Protecting Your Family and Income: When reviewing disability insurance, you need to take a close look at your emergency reserves and liquidity capabilities. If you became disabled and qualified for a maximum SSA monthly payment for your age and income, would this be enough income to support your budget? According to the U.S. Census Bureau, the average median monthly household income was $4,200 in 2010. This data strongly suggests that a supplemental income source would be a necessity for many Americans if they were to become disabled. It’s also important that you understand the benefits provided by your company, as you may be covered under a short-term (90 days or less) or long-term (90 days or more) disability policy through your employer benefits plan.
How much coverage should you consider?
You should consider obtaining enough coverage to maintain your family’s current standard of living. While gauging your required amount of replacement income, it is best to err on the side of conservatism. Recognize that you may save on certain living expenses (such as driving to and from work every day) that may reduce the amount of replacement income you will need to maintain your family’s lifestyle.
For how long will an individual policy pay a benefit?
Since there are many different options for this, you can select the period of time for which your benefit will last. The best policy would entail benefits being paid until you reach age 65, at which time retirement benefits should become accessible to you. You’ll also want to consider a plan that defines “disabled” as unable to continue work in your current profession – known as “own occupation.” Otherwise, if you choose “any occupation,” you’ll need to be unable to perform any type of work in order for the policy to pay any benefits.

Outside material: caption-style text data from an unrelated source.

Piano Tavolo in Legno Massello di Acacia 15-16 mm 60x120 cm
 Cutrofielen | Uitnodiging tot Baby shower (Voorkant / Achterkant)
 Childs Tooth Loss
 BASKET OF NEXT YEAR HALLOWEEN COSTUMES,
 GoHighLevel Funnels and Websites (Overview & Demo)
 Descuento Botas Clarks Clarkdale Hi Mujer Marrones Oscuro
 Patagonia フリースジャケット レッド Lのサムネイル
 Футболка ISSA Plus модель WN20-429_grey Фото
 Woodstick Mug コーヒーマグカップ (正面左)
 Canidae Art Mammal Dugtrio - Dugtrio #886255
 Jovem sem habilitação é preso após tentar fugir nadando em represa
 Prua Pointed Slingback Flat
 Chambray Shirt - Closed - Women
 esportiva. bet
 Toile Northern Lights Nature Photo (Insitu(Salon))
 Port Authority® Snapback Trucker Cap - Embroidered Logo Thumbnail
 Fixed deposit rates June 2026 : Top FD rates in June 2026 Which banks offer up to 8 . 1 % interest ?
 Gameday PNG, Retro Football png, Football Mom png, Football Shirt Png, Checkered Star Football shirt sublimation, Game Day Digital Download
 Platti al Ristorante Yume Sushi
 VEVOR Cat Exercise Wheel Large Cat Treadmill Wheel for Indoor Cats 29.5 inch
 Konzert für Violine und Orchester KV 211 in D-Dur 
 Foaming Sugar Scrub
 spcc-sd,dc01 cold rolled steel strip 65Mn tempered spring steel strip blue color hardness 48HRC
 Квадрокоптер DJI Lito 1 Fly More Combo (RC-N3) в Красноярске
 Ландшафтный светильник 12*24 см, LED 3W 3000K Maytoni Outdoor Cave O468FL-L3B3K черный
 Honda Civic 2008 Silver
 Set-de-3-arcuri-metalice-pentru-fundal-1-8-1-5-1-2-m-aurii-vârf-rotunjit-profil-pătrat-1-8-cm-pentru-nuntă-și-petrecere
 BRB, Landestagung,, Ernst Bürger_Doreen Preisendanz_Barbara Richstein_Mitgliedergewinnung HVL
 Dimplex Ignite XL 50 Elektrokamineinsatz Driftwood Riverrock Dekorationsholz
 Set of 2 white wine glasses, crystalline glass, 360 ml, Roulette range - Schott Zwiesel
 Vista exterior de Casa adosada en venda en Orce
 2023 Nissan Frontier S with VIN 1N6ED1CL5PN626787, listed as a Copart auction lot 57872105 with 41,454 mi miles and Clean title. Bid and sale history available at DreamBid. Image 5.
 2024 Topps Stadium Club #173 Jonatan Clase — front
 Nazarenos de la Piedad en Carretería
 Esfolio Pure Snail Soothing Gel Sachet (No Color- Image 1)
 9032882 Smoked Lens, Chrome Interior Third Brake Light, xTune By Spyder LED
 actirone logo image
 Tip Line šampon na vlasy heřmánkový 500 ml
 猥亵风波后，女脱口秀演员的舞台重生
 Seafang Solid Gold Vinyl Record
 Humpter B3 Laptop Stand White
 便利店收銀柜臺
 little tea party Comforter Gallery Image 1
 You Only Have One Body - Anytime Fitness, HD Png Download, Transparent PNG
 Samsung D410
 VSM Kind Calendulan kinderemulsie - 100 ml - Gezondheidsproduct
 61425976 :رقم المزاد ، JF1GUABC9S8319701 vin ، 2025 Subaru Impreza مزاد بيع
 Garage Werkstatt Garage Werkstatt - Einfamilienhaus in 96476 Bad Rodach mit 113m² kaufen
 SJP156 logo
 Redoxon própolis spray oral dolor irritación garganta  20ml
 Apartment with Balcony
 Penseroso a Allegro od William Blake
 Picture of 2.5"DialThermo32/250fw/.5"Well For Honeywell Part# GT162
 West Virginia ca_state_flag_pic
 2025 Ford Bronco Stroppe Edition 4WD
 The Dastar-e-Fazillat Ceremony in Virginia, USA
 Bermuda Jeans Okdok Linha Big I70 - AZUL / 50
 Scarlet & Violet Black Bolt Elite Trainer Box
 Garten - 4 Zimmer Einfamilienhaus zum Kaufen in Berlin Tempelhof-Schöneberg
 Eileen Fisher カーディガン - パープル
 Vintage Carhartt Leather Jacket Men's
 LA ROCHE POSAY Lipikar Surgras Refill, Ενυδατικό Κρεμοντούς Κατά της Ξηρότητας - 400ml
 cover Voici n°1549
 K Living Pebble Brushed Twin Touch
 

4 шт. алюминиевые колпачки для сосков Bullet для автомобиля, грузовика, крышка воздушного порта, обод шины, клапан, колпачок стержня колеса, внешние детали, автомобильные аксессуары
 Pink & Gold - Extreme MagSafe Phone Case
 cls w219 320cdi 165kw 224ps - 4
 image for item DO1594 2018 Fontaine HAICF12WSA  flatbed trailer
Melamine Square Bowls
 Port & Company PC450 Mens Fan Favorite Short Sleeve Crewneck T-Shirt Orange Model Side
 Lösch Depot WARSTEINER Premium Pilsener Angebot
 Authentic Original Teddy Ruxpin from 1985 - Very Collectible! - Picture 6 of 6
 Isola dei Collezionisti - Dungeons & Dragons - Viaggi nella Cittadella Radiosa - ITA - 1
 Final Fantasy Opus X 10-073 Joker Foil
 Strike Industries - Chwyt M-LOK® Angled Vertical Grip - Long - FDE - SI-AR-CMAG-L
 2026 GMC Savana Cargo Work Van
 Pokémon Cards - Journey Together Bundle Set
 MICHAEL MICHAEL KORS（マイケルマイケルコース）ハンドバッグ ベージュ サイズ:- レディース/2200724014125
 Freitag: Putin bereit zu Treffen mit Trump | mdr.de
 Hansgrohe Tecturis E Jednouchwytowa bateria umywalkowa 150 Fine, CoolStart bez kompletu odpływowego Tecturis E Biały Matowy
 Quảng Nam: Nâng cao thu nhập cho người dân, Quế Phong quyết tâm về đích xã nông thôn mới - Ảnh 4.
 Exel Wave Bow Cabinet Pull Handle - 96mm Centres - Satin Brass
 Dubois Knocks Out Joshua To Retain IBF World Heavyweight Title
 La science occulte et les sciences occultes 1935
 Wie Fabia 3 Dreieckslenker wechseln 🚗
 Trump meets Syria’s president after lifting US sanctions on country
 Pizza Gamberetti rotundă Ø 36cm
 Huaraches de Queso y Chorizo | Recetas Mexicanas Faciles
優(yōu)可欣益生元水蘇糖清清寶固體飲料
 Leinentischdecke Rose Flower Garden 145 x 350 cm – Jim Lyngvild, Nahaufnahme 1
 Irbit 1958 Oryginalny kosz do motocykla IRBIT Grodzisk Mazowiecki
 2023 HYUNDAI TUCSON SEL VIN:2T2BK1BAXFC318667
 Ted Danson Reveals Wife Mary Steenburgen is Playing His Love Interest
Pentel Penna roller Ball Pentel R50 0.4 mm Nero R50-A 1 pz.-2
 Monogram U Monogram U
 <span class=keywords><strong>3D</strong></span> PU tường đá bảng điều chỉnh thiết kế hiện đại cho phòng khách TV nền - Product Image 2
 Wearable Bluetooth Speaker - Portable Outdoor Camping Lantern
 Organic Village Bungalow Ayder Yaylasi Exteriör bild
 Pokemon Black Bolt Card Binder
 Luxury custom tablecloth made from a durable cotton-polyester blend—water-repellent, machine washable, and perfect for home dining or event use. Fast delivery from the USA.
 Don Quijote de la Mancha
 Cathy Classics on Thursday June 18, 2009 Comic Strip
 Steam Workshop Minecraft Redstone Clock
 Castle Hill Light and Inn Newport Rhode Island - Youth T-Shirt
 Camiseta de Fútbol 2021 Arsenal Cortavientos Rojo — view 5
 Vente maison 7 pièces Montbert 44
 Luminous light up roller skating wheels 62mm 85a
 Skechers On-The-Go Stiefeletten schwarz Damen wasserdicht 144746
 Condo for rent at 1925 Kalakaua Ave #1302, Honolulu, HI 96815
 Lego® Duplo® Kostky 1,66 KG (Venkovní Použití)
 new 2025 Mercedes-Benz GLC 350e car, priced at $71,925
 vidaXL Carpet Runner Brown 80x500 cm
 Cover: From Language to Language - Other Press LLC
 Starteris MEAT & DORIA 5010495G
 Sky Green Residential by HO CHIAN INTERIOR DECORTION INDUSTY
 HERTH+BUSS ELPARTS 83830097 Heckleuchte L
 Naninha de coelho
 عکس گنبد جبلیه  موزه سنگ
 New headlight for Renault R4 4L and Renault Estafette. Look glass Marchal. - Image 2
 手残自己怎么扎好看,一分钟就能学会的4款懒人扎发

The overall decline in the number of insurance companies writing disability insurance in the last 20 years has resulted in the cost and frequency of disabilities among workers to increase. Hopefully, you and your family would be taken care of, but if you’re not sure that’s the case, now might be the time to cover that risk. After all, part of being a parent is making sure that your family is protected and not unduly burdened by risks you can’t afford to take.